TREX-CoE / trexio_tools

Set of tools for trexio files
BSD 3-Clause "New" or "Revised" License
18 stars 8 forks source link

Updating the doc entry for MOTYPE #21

Closed neelravi closed 1 year ago

neelravi commented 1 year ago

The documentation entry for the option --motype has been updated.

Available options for GAMESS output files are: "RHF", "MCSCF", "GUGA", and "Natural"

scemama commented 1 year ago

Sorry for the delay! I thought it was already merged...

q-posev commented 1 year ago

@neelravi @scemama

Sorry, I am a bit confused here. What was the motivation of this MR? In the original code, the user at least could see possible options for mo_type.

What should they do now? A list of possible mo_type options should be documented somewhere. This line For example, GAMESS has RHF, MCSCF, GUGA, and Natural as possible MO types does not help.

neelravi commented 1 year ago

@q-posev @scemama I agree that a comprehensive list of mo_types should be made available. Currently, the help-entry shows:

-x, --motype=MO_TYPE Type of the molecular orbitals. For example, GAMESS has RHF, MCSCF, GUGA, and Natural as possible MO types.

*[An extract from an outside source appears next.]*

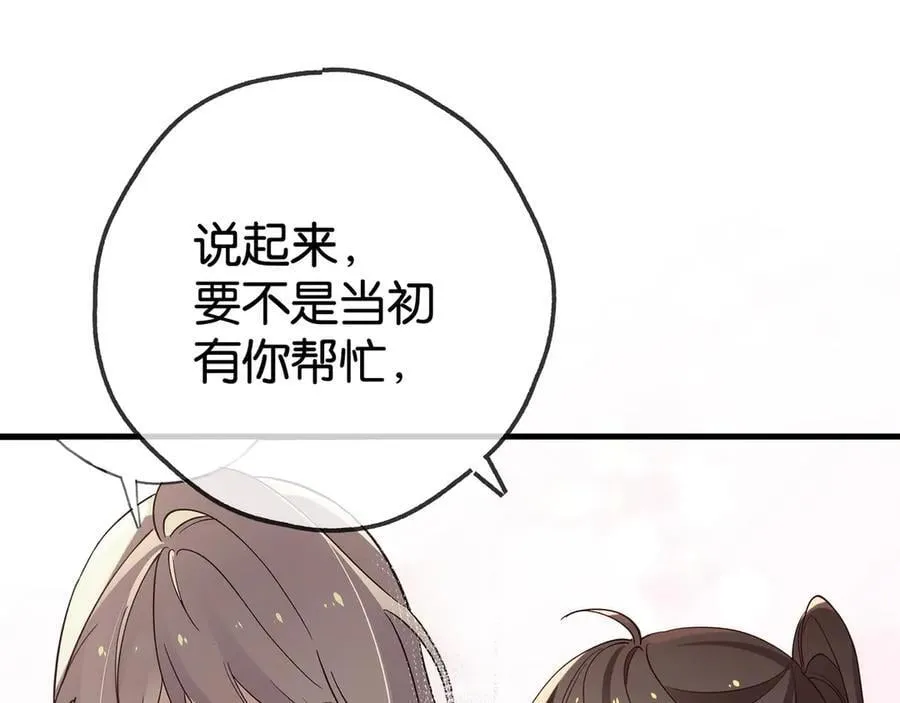 第124话 南风知我意 第88页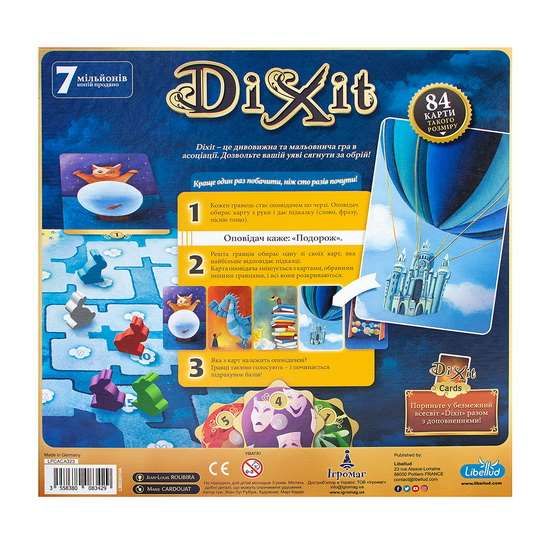 Настольная игра Dixit (Диксит) TH00063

Claudia had asked for this change. It prevents the user from giving wrong mo_type options for incompatible input file type (i.e. GUGA for molden or pyscf). The updated doc entry given only a suggestion what should go into mo_type.

I have a suggestion to eliminate this issue completely by making a small script (something like this):

import resultsFile

file = resultsFile.getFile("thiophene.g09.out")
print('recognized as', str(file).split('.')[-1].split()[0])
print(file.mo_types)

file = resultsFile.getFile("thiophene.gms.out")
print('recognized as', str(file).split('.')[-1].split()[0])
print(file.mo_types)

file = resultsFile.getFile("GAMESS_CAS.log")
print('recognized as', str(file).split('.')[-1].split()[0])
print(file.mo_types)

This will run before you run trexio convert-from and let the user see what are the available mo_types.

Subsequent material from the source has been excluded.